Армия — единственный гарант прочной стабильности, и ради этого никакой военный бюджет не слишком дорогая плата. Пока волнорез прочен, волны не смоют берег.

В те дни наши издания печатали не кроссворды, а некрологи. Полосы, развороты некрологов. Инсульт. Инфаркт. Несчастный случай. Грипп. Злокачественная малярия. Рак. Часто некрологи были правдивы, еще чаще — нет. Цензура старалась уберечь нервы налогоплательщиков от действительности, но мы-то знали, что происходит на самом деле.
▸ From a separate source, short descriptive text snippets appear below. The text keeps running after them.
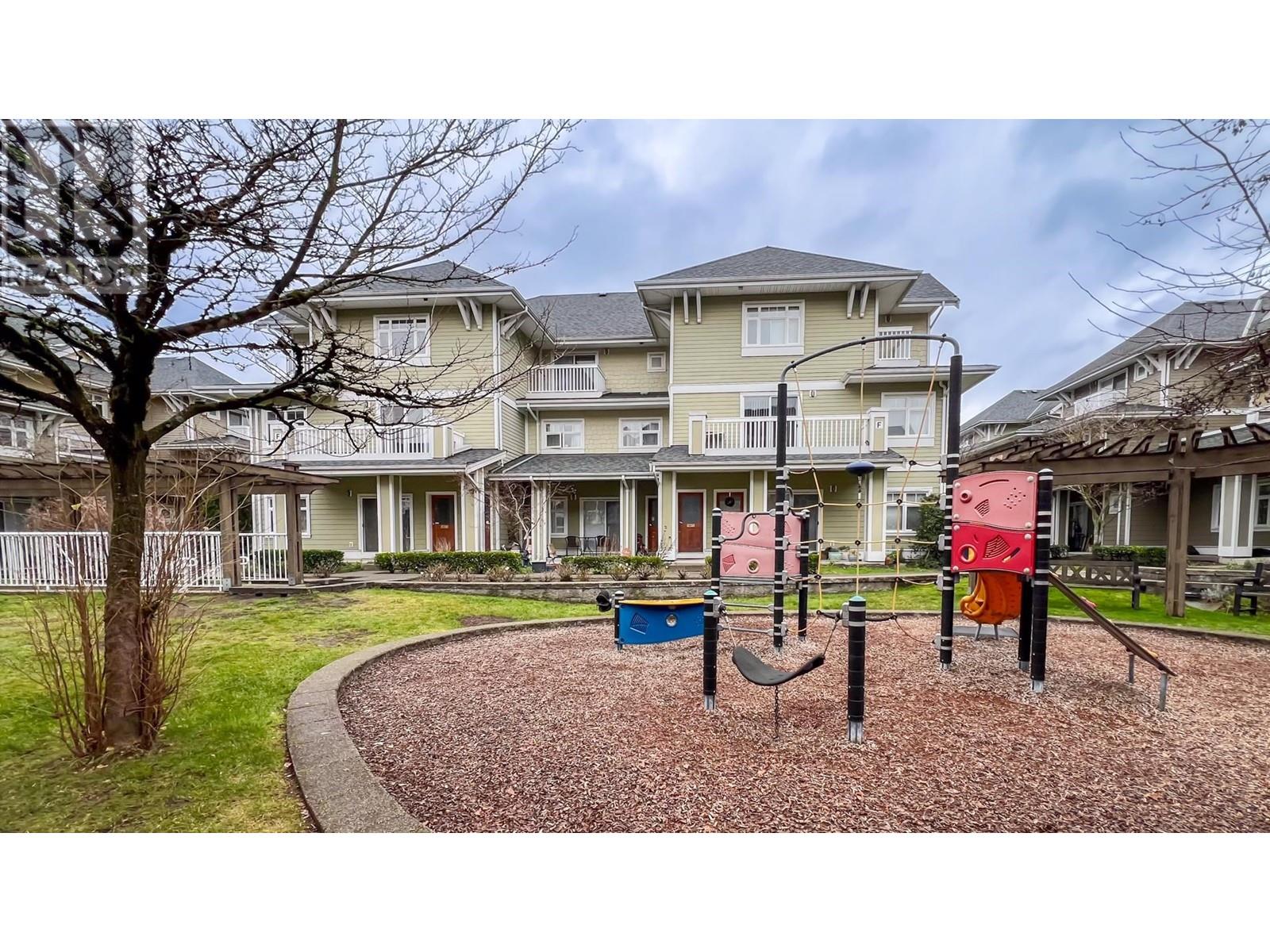 Listing Picture 6 of 17 : 40 7388 MACPHERSON AVENUE, Burnaby / 本拿比 - 魯藝地產 Yvonne Lu Group - MLS Medallion Club Member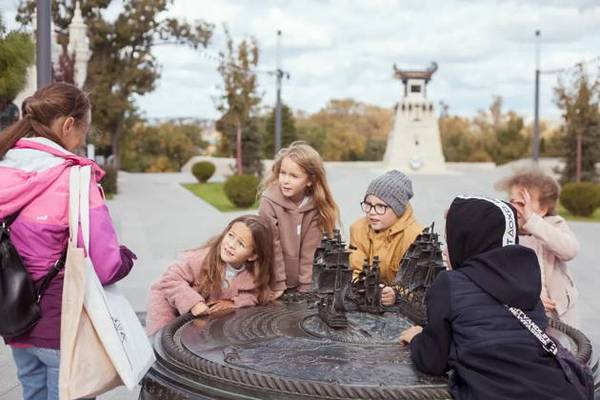 Открываем Севастополь! Семейная экскурсия с элементами квеста.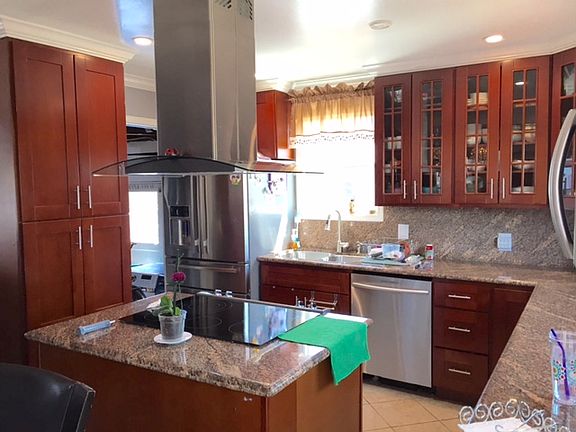 5th image of 26569 Underwood Ave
Виджайя Сингх и Фернан де Вальехо пустили себе пулю в лоб. Старший Ярузек, мой добрый приятель-соперник из войск Союза, забыл раскрыть парашют во время соревнований; это он-то, мастер-наставник десанта первой категории! Да что там!.. И сам я, теперь можно признаться, не раз был на грани необратимого поступка. Возможно, такой выход и был бы лучшим, но я был в ответе за Дархайскую Ассоциацию, и не в моих правилах бросать начатое дело на полпути…

Нет, это не было настоящей жизнью, скорее — всего лишь имитацией ее. И все же мы ощущали себя нужными. Соревнования, обсуждение и издание мемуаров, разумеется, для внутреннего пользования, совместные походы, пикники по праздникам — все это помогало отвлечься от омерзительной реальности. Были дела и посерьезнее. Именно по нашей инициативе возникла идея сбора средств в помощь партизанам генерала Тан Татао, и не могу исключать, что вы помните, насколько успешны были результаты этой кампании. Три каравана с продовольствием, медикаментами и еще кое с чем отправили мы на Дархай, и сам генерал Тан в ответном письме искренне благодарил нашу Ассоциацию от имени дархайского народа, не намеренного склонять голову перед зарвавшимся тираном…

Он очень постарел, генерал Тан, судя по присланной мне фотокарточке с теплой дарственной надписью; когда я видел его в последний раз, это был высокий, худощавый, очень подтянутый человек лет на десять моложе меня тогдашнего. Теперь же на меня глядел со снимка иссохший сморщенный старец, и на домотканой крестьянской одежде чужеродным пятном смотрелись оранжевые овалы погон. Встретившись, я, пожалуй, не узнал бы его. Впрочем, тогда, в Барал-Гуре, мы не были так уж коротки; слишком много было в Империи начдивов, и мне недосуг было уделять внимание каждому…

Фотографию эту я вклеил на почетное место в свой памятный «дархайский» альбом рядом с другой, не менее дорогой мне, — той, где мы запечатлены вместе с начальником имперского Генштаба.